IKE AN HOUR-OLD PIECE of gum, romance has lost all its sweetness. What Anju assumed was the smolder of gathering emotion turned out to be a dull, gray, tiring wad of nothing. With her mind mostly cleared away of pointless passions, she looks upon Fish with an acute sense of betrayal. But also a painful splinter of hope.
Against that hope, she throws herself into her studies, the only field in which she exercises some measure of control. In class, she forgoes her Ace bandage to take limitless notes, reassuring her teachers that the arthritis has temporarily lifted, though she still makes a point of conspicuously massaging her joints once in a while. Her rising grades put her at the head of the class, even above Fish, who struggles to maintain his class performance in tandem with his participation in Outdoors Club, Amnesty International, Physics Club, Glee Club, Multicultural Club, and golf. She and Fish are like two converts to different denominations, he fully devoted to his mother’s dream of an Ivy League school, she devoted to her books, both unwilling to see the similarity in their pursuits. Anju wonders if her success has contributed to his avoidance of her, a thought that leads her to study doubly hard. Surpassing him is the only way to wound him, to remind him that she exists.

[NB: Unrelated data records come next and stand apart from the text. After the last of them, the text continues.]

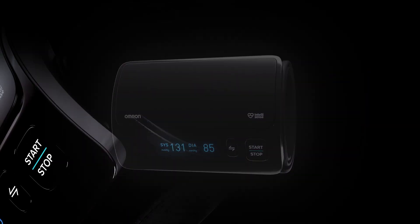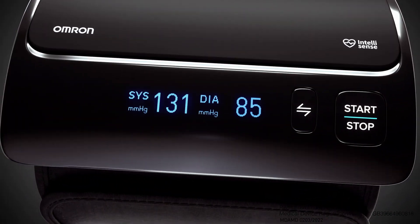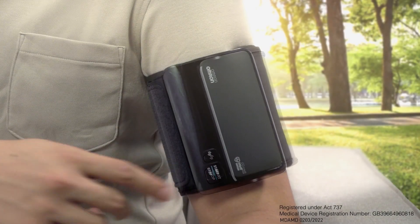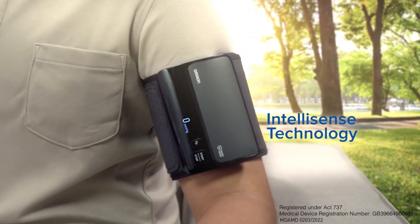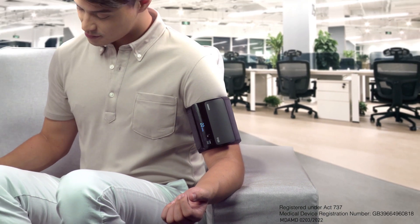Introducing the new Smart Delete Plus Blood Pressure Monitor with the Intelli-Wrapped Cuff that snaps easily anywhere on the upper arm to give accurate readings. Track your heart health with just one touch. Its IntelliSense technology provides comfortable readings with every use.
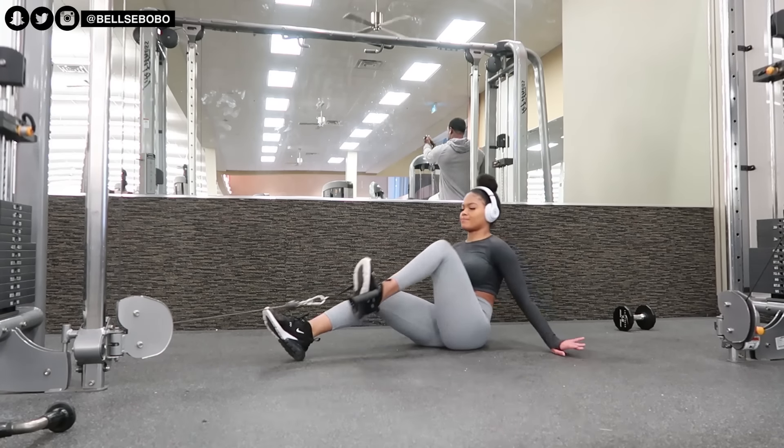This was actually my first time doing this exercise. You really have to be careful or else you're not really going to use your abs. When you're twisting, make sure your core is being flexed and it's doing the exercise. A lot of people when they do abs forget to use that muscle to do all the work instead of other body parts.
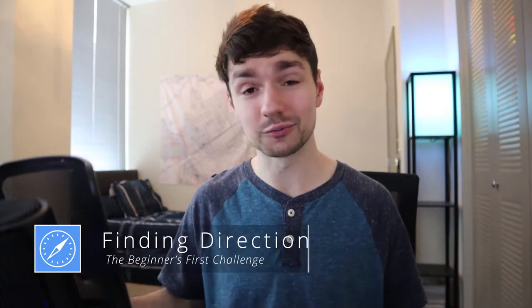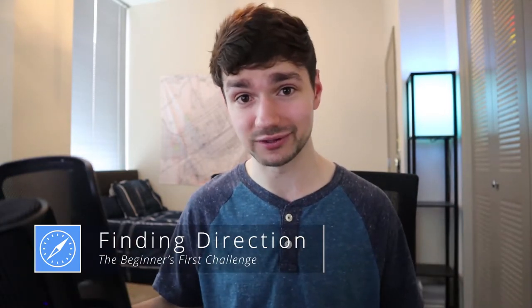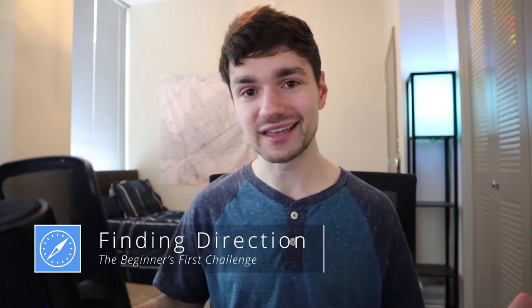So you might be wondering, why on earth would somebody make a video series titled Drawing for Beginners where they're not actually going to do any drawing? My personal belief and personal experience is that the first major challenge every beginner in the art world has to face has nothing to do with drawing whatsoever. It's that the art world is a very vast and confusing place to someone who's coming in from the outside. There's a vast wealth of information out there — videos on drawing hands, cities in two-point perspective, composition and design — but without a sense of direction, without a sense of what you're trying to do, it's all just noise. It's information overload.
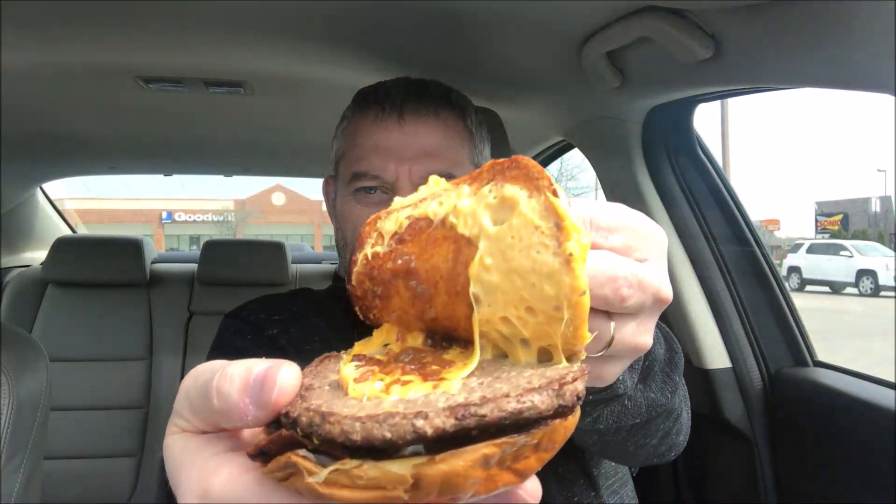Here's the burger — I pulled it apart and it does have jam on the bottom, though I'm not sure you can see that. There isn't a ton of it but there is some. Let me make sure I get some in my bite. The sliced bacon is very, very crispy. Honestly I'm mostly getting the bacon flavor and the burger itself — I'm not really tasting the jam yet.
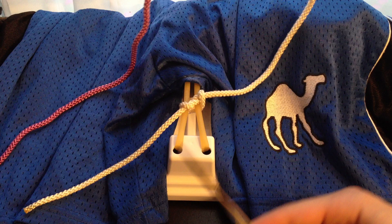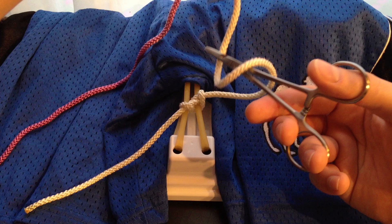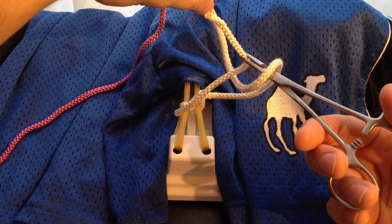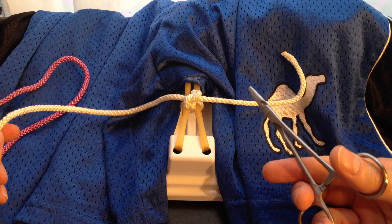To tie the second knot, it's essentially the same. Again, start with your needle driver parallel to the incision. This time, we're only going to do one loop. From here on out, we do one loop — two loops are only for the first knot. So we do one loop, grab the thread as close to the tip as possible, and we pull it through. We picked it up on the left, so to pull it tight, we tighten it to the right side. And that's our first square knot.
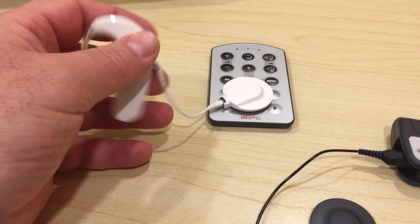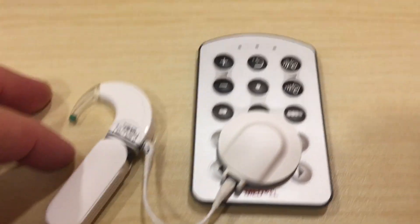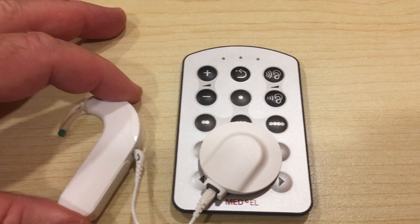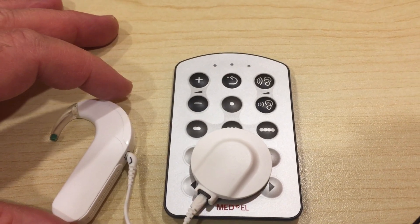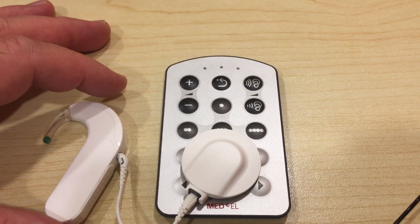Remove the battery cover. Now watch as I put the battery cover back on. There are two lights that indicate that the processor is paired with the fine tuner.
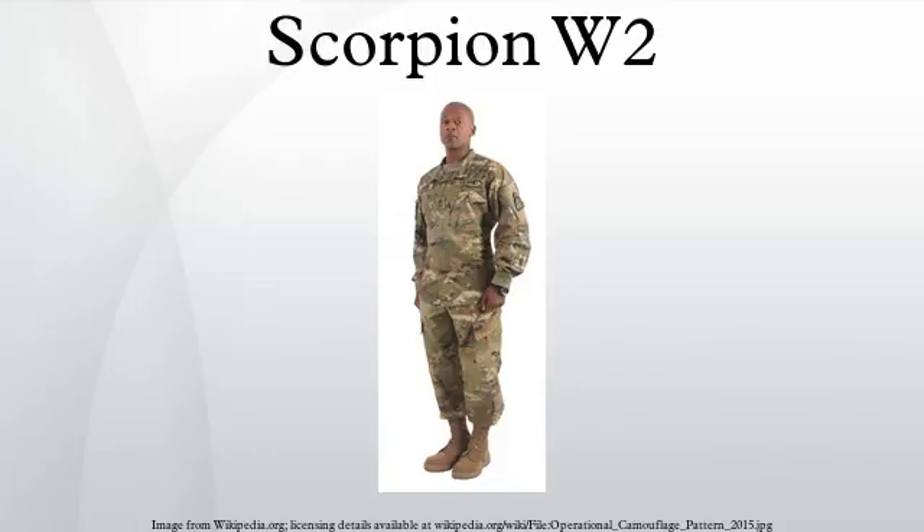The U.S. Air Force will equip airmen with OCP uniforms deploying on missions attached to Army units. However, the OCP will not replace the Tiger Strike patterned airman battle uniform, which will remain in service for garrison use. This decision is a departure from the previous Air Force decision to adopt its own digital pattern after the Army unveiled the pixelated UCP in 2004.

She also finds time to visit Mr. Tandon’s office again, where she hands over all the money she has left, $900, which includes the rest of the George de Brigard award plus $400 she drew from her scholarship stipend. This leaves her with $25 in spending money for the next two months, but having no one with whom to socialize, she barely notices the loss. Bird promises that she will persuade Mr. Tandon to waive the rest of his fee. “Think of it as an investment,” Bird tells her. “We will file the application this week itself.”
In the meantime, Anju bends over her textbooks until her lower back aches, until her head swims with Civil War battle names and algebraic equations. She binds each fact to her memory and plows forward into future pages. Studying, too, is a kind of war, and each chapter a territory to be conquered. While so engaged, she hardly lets herself think about the doubt that needles her, that Fish might not be the person, or the poet, she thought he was.
WITH HER RISING GRADES, Anju is unsurprised to arrive at school and find a note from Miss Schimpf wedged into the slats of her locker. “Please see me in my office.” At least Anju’s work ethic is finally being noticed by someone, if not Fish.
She trudges down the hall, around clumps of students and boulderlike backpacks and exclusive conversations. The door to Principal Mitchell’s office is open in welcome to students who do their best to ignore it, lest they be dragged into a chat. For her part, Anju looks forward to a chat now and then, even if Principal Mitchell simply asks about her homework. Anju glances in, disheartened by the empty desk chair.